棗樹村小學在大別山腹地,崎嶇的山路往大山深處延伸著,路的兩邊長滿了高高低低的樹木,有我知道名字的,也有我不知道名字的。到達目的地,才發(fā)現(xiàn)這是一所極其簡陋的村小,沒有高大的校門,也沒有漂亮的教學樓。整個學校只有兩排起脊的房子。共6間房子,有4間是做一至四年級的教室,五、六年級學生都在較遠的鎮(zhèn)上就讀。另外兩間房子,一間是教師辦公室兼臥室,一間算是學校的食堂吧。
這個學校只有32個學生。一年級多一些,有16人,二年級8人,三年級5人,四年級3人。學校只有兩位老師:耿老師和鮑老師,是一對夫婦,大概都有50歲左右。耿老師教一、二年級,人多一些,他怕妻子累,就多擔一些,特別是小學一年級的小孩子更難教;鮑老師教三、四年級。當然,他們的教學都是采取復式教學法,不可能像我們正規(guī)的學校那樣組織教學。
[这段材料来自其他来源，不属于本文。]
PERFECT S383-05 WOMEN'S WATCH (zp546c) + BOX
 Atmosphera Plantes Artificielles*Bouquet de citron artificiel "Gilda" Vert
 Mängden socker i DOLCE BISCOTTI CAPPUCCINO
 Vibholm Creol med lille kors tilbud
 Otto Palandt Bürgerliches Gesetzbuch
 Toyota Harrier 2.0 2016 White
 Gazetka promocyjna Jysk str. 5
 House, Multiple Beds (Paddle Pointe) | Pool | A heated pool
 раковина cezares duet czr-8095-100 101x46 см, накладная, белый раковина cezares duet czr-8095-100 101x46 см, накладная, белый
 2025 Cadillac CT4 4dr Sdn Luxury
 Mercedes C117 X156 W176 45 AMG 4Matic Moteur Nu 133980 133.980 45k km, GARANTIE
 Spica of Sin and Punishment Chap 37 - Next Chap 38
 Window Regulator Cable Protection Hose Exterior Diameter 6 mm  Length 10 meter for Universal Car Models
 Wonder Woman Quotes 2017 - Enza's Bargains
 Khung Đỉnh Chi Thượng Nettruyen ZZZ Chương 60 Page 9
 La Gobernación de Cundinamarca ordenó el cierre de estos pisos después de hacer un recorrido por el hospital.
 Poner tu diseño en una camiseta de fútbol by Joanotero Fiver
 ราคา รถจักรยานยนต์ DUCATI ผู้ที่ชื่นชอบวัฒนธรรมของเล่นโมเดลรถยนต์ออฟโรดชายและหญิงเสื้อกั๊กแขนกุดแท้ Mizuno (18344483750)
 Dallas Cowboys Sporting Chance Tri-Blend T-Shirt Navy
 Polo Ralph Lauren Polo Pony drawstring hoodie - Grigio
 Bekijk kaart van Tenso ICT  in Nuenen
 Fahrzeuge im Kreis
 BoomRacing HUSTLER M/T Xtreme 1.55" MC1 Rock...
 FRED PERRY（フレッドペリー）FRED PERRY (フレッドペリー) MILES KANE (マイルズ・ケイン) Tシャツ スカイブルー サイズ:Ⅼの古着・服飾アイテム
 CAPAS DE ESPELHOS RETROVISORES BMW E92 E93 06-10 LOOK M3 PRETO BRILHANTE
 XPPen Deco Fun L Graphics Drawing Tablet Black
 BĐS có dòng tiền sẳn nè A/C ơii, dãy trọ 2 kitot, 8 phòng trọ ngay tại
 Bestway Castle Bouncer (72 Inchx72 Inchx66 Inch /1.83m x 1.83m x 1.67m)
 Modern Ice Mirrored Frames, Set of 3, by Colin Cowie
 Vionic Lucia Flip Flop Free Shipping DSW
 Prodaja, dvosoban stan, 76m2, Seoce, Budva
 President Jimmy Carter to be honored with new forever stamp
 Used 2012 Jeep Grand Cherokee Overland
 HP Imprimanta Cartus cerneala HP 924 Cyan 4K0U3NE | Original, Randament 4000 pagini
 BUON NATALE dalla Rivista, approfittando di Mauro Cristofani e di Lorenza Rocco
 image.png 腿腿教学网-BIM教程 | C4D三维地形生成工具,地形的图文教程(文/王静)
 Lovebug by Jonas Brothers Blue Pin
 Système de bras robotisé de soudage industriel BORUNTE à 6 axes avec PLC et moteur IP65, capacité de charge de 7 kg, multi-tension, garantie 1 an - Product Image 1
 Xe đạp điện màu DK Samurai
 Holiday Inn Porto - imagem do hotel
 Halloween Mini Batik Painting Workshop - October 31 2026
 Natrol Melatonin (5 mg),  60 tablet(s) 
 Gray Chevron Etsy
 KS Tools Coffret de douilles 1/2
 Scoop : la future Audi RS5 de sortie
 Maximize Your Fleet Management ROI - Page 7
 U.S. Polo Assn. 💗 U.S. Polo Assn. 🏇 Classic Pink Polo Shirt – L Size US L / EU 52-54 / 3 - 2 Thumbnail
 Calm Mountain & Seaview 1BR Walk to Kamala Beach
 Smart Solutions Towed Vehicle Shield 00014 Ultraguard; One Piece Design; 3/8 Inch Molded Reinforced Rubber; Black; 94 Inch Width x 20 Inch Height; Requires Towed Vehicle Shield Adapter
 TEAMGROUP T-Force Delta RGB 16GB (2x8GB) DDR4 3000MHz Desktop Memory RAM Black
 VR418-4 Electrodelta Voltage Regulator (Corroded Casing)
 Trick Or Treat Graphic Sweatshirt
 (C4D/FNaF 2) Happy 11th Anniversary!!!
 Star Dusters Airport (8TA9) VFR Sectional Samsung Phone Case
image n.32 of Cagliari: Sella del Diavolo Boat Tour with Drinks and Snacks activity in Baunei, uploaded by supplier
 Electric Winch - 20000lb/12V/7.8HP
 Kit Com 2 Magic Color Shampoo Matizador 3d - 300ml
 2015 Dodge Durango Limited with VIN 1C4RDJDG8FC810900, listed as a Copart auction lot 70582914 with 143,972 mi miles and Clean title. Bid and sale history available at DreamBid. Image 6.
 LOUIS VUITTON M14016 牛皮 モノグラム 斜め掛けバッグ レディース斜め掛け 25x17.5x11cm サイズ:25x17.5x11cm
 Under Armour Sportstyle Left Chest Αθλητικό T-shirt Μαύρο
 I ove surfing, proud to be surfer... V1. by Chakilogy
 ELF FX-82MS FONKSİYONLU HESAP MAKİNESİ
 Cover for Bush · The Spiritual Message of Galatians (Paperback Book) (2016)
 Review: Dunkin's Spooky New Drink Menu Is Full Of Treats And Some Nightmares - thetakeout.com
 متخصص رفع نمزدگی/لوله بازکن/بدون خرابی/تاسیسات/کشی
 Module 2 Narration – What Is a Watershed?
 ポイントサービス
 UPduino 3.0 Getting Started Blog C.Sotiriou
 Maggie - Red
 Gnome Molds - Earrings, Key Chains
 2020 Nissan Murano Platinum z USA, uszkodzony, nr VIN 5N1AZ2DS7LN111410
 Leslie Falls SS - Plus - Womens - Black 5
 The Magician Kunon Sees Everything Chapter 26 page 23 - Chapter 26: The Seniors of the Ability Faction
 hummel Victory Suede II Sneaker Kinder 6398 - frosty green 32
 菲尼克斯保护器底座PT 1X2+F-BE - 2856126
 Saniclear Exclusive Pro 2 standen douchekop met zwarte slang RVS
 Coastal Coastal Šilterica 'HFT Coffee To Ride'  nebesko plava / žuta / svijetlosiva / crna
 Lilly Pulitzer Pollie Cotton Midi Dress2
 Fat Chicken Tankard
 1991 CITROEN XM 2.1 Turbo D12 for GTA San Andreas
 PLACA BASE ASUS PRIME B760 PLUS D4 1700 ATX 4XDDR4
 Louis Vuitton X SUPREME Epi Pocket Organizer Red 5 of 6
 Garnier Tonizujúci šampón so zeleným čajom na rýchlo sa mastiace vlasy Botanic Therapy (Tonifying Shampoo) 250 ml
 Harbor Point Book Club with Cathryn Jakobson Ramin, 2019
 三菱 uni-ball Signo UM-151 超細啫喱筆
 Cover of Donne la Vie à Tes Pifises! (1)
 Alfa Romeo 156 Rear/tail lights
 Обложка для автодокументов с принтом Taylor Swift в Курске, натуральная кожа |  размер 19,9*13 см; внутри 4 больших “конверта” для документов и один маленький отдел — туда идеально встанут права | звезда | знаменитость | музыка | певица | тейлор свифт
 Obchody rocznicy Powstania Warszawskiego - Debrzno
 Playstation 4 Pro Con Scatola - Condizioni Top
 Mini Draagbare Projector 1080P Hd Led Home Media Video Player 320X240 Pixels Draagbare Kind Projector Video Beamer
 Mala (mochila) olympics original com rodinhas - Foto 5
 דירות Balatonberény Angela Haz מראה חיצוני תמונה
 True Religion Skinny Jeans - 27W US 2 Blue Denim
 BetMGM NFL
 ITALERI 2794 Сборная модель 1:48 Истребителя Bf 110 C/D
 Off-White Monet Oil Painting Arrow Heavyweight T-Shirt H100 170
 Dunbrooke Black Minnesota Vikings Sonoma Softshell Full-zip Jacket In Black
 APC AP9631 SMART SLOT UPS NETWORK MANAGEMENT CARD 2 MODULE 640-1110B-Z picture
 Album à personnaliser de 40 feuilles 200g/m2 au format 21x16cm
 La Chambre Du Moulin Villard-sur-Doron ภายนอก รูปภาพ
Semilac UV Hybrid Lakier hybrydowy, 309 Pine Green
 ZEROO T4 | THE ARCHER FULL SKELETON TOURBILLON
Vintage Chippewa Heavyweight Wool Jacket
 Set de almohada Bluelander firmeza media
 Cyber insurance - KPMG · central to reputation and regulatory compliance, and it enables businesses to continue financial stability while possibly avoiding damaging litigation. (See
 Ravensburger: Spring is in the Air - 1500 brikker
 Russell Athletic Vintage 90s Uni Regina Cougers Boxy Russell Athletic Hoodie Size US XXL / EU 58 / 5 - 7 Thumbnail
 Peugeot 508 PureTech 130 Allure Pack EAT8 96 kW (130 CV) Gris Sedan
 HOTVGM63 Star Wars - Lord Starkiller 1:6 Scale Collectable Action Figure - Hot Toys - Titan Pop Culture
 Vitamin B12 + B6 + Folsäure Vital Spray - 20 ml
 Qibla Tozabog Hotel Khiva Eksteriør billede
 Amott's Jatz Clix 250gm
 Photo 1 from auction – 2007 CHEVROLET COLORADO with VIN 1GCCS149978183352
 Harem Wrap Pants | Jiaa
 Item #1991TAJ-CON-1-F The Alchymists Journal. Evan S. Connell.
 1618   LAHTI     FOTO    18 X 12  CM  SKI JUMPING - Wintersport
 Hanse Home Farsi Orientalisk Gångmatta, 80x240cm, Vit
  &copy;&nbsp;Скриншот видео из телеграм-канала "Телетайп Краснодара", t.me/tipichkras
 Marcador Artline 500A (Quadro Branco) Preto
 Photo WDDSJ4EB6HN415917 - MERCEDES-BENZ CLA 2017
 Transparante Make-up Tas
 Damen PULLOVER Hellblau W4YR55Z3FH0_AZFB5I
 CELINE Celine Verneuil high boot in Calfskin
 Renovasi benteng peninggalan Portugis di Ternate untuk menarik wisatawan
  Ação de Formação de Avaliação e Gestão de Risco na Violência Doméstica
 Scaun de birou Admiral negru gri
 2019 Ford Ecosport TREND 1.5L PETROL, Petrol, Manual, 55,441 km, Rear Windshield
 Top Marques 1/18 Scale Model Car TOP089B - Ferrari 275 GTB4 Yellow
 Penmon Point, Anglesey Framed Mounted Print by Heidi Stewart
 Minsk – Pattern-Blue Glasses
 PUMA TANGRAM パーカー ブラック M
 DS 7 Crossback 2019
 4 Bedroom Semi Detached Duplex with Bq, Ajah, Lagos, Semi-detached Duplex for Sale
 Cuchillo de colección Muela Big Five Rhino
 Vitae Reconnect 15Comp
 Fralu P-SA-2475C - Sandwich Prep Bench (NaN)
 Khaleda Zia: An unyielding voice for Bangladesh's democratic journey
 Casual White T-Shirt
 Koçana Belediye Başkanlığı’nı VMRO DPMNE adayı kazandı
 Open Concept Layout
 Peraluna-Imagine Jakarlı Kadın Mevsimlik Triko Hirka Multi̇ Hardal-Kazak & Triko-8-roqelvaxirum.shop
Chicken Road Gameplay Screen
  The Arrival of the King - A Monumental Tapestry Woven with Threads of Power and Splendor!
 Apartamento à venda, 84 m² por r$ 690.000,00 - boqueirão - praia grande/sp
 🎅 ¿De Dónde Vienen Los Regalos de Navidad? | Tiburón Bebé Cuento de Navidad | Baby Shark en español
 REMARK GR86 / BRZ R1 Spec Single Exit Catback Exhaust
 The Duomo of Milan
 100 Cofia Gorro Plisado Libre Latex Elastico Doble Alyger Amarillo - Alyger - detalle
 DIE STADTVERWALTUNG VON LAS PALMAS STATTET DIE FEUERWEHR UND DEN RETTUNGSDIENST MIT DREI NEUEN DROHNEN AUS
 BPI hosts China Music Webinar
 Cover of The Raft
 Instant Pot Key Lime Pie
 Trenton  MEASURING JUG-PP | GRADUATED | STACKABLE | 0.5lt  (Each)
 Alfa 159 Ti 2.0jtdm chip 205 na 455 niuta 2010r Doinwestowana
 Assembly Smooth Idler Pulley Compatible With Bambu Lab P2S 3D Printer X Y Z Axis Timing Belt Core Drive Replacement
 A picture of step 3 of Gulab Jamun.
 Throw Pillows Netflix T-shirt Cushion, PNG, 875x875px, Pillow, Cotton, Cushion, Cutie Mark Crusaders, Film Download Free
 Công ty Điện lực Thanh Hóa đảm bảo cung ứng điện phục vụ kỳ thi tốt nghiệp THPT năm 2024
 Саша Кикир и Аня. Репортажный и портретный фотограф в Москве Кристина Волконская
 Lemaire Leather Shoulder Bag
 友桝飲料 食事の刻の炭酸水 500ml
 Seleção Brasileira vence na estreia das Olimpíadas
上課了,耿老師和鮑老師都主動邀請我看一看他們的教學情況。我不得不說,這是我見過的最讓我感動的課堂。耿老師站在一、二年級教室中間,鮑老師站在三、四年級教室中間。他們都在進行本節(jié)課的教學任務(wù)布置。原來,他們?yōu)榱擞行У乩谜n堂時間,將復式教學效果最大化,每一節(jié)課都是這樣先站在兩個教室中間明確本節(jié)課學習任務(wù)。一個班學生要自習的內(nèi)容布置下去,另一個班上課。當時間過一半,兩位老師要布置學習任務(wù)給剛上過課的同學,然后到另一個班級上課。這樣,一節(jié)課的時間,每個班級的孩子都有二十分鐘接受老師教學的時間,也有二十分鐘自我學習的時間。
我突然感覺到,這兩位老師都很偉大,他們科學地分配教學時間,讓復式教育在這個村小最大成效地展現(xiàn)了出來。當然,在棗樹村小學呆的時間越長,我的心糾結(jié)得就越難受,就仿佛被一只無形的手撕扯著。我為耿老師和鮑老師夫婦教學的艱難而生深深的憐憫之情。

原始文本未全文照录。